Scientists not only need to discover new knowledge but also have to share the knowledge to others. For the former, we have things like universities, collaborate groups and journals to take charge. For the latter, we have various forms from teaching, developing and maintaining softwares to writing or translating books, writing and editing in Wikipedia, answering (and asking) in SE, joining an academic club, working on a academic-related project, blogging, etc.

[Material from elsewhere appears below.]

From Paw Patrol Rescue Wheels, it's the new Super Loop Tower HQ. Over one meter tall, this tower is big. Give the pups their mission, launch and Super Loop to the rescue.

Besides the first two have significant weight in academia, the others seem to be light weight (some even say that they have zero weight) (example for Wikipedia, translating book). Although I understand the worry that I may spread myself too thin, I think the important thing is scheduling time wisely. I don't think they are deserved to be bad effective. In fact some scholarships (like this one) require me to describe "any examples of leadership and involvement in my university or home community". I have even seen some high rep users modestly proudly say that they are active users in SE in their websites. I see a conflict here. Can you explain why contribution to community is deprecated in academia?

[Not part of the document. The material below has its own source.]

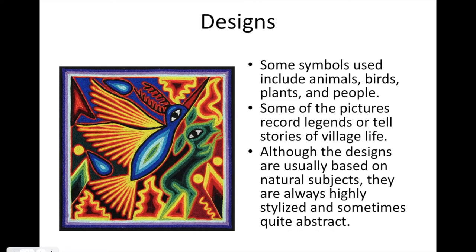Some symbols used in their designs include animals, birds, plants, and people. Some of the pictures record legends or tell stories of village life, and although the designs are usually based on natural subjects, they are always highly stylized and sometimes quite abstract.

A very interesting question from F'x: How can a researcher improve his contribution to society?



Answer





Scientists not only need to discover new knowledge but also have to share the knowledge to others. For the former, we have things like universities, collaborate groups and journals to take charge. For the latter, we have various forms from teaching, developing and maintaining softwares to writing or translating books, writing and editing in Wikipedia, answering (and asking) in SE, joining an academic club, working on a academic-related project, blogging, etc.



I think this is not correct. Discovering new knowledge is the actual research (valued on all levels), "sharing to others" is writing publications (valued so much that the common criticism is rather that publications count too much).


What you mean is a different type of knowledge dissemination, basically the education of the broader public. This is indeed currently not widely valued, but I am not convinced that this is a fault of the system. Essentially, when an university hires a researcher, they want a researcher. They are specifically looking for somebody that generates new knowledge, not somebody that is good at breaking down this new knowledge for the layman (this would be a science journalist, or somesuch), nor for somebody that mainly collects and summarizes the knowledge on Wikipedia or Stack Exchange.


Hence, the answer to your question:



When will contribution to community be valued?



If you understand this as "when will my contributions to community be comparatively valuable for applying to a research position as research results", then the answer will likely be "never".